Mr Cash: I understand my hon. Friend's reasoning, but the specific exemptions are set out in clause 4(4)(a), (b) and (c). I understand that he would not want my proposal to go too far. The British people expect these things, which after all include matters such as Turkey and treaties of the type proposed by the French only the other day, not to be exempted. The British people would be left out and not taken into account on such decisions and treaties, yet they would have the most incredible impact on them. I shall explain that later.
Mr Cash: Amendments 1 and 3 stand in my name. My comments boil down to what I said in my interventions on my hon. Friend the Member for Daventry (Chris Heaton-Harris) and were somewhat anticipated by the Minister earlier. In a nutshell, I see no reason why clause 2 should refer to an exemption condition or subsection (3) should state:
"The exemption condition is that the Act providing for the approval of the treaty states that the treaty does not fall within section 4."

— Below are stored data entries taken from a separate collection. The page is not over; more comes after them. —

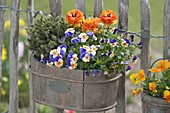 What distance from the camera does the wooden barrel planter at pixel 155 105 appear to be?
10.4 ft

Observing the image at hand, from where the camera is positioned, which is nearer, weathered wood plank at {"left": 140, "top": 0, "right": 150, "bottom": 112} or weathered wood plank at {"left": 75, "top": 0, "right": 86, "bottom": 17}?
weathered wood plank at {"left": 140, "top": 0, "right": 150, "bottom": 112}

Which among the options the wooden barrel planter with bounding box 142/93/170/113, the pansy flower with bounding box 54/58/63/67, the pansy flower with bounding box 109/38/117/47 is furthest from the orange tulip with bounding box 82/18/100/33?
the wooden barrel planter with bounding box 142/93/170/113

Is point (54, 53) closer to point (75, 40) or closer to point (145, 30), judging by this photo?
point (75, 40)

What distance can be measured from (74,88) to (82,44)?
250 mm

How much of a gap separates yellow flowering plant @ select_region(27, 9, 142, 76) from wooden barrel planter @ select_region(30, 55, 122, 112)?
0.15ft

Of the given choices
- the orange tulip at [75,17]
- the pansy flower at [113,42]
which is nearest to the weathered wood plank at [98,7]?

Without any further let or hindrance, clause 4(4) would exclude from those arrangements that would result in a proposal for a referendum:
"the codification of practice under" the treaties already established "in relation to the previous exercise of an existing competence",
"the making of any provision that applies only to member States other than the United Kingdom".
That is, I think, an incredibly important point. Also, as we have debated already, it would remove
"in the case of a treaty, the accession of a new member State",
which in this case would include Turkey. In the context of what the Government clearly want to exclude-in other words, their positive policy decision not to allow the British people a referendum on certain treaties of immense importance-they are disavowing the very intentions and principles that underpin the Bill.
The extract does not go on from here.